Directions: Please set down each of the lines below once more, exactly, omitting all pictures.

━━━━━ Data block ━━━━━

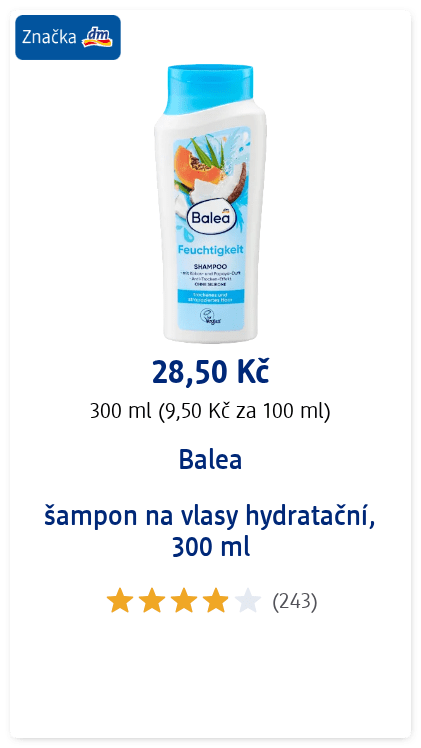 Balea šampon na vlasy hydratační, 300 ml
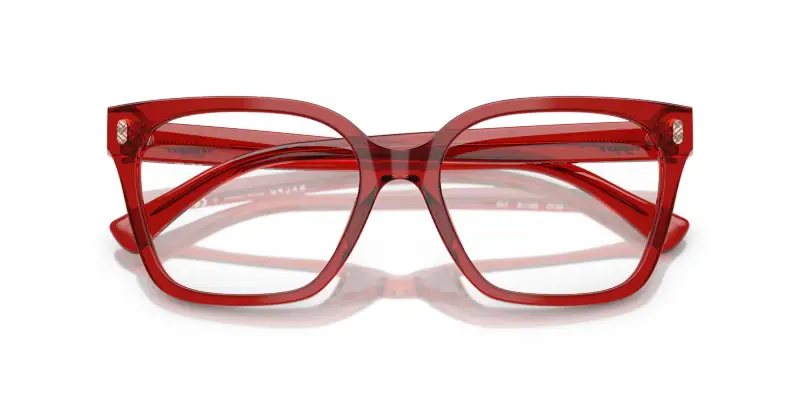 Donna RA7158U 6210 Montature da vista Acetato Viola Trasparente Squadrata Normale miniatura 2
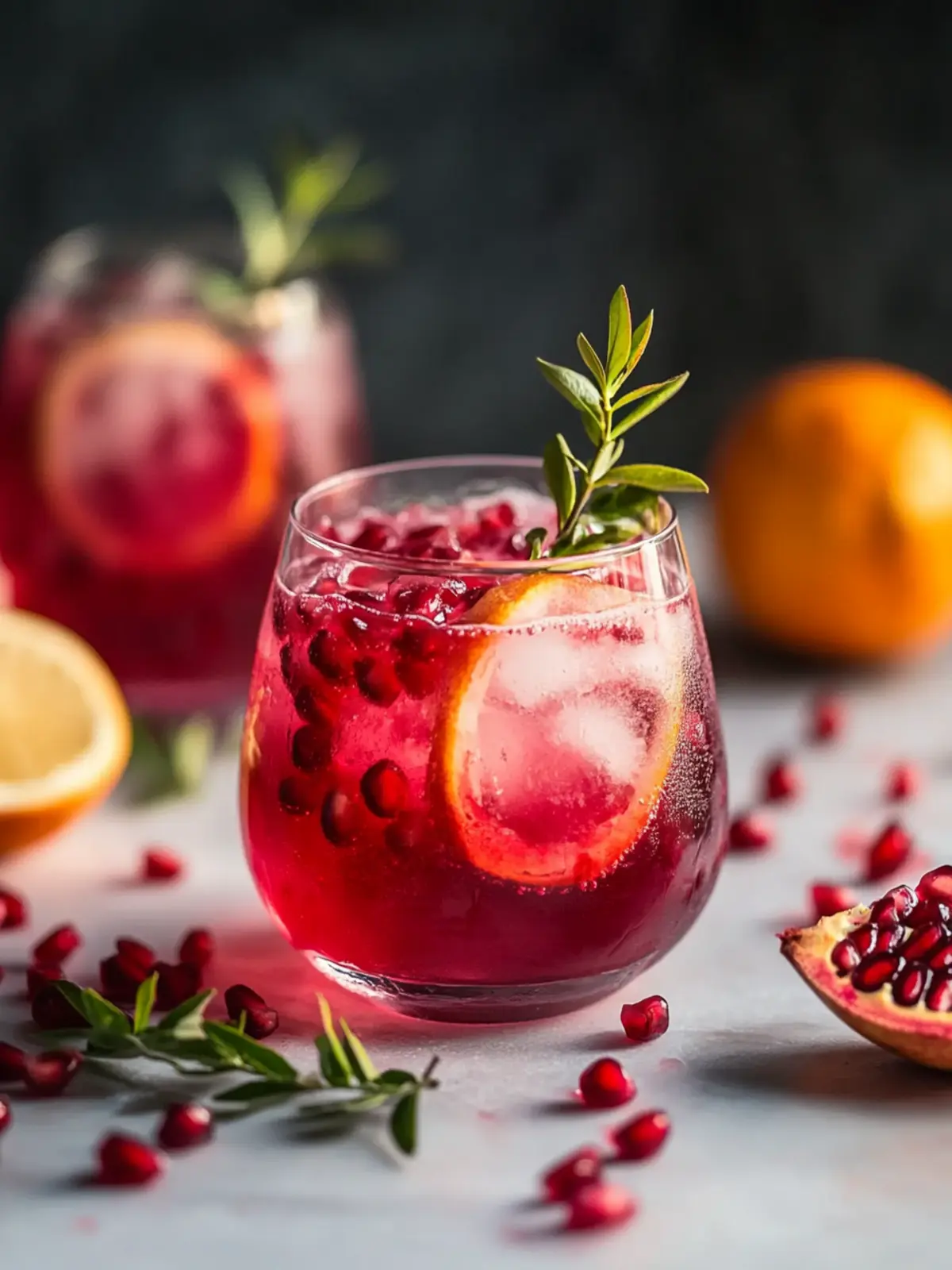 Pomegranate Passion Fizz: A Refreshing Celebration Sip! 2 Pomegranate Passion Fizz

━━━━━

Output for this exercise:
 Balea šampon na vlasy hydratační, 300 ml
 Donna RA7158U 6210 Montature da vista Acetato Viola Trasparente Squadrata Normale miniatura 2
 Pomegranate Passion Fizz: A Refreshing Celebration Sip! 2 Pomegranate Passion Fizz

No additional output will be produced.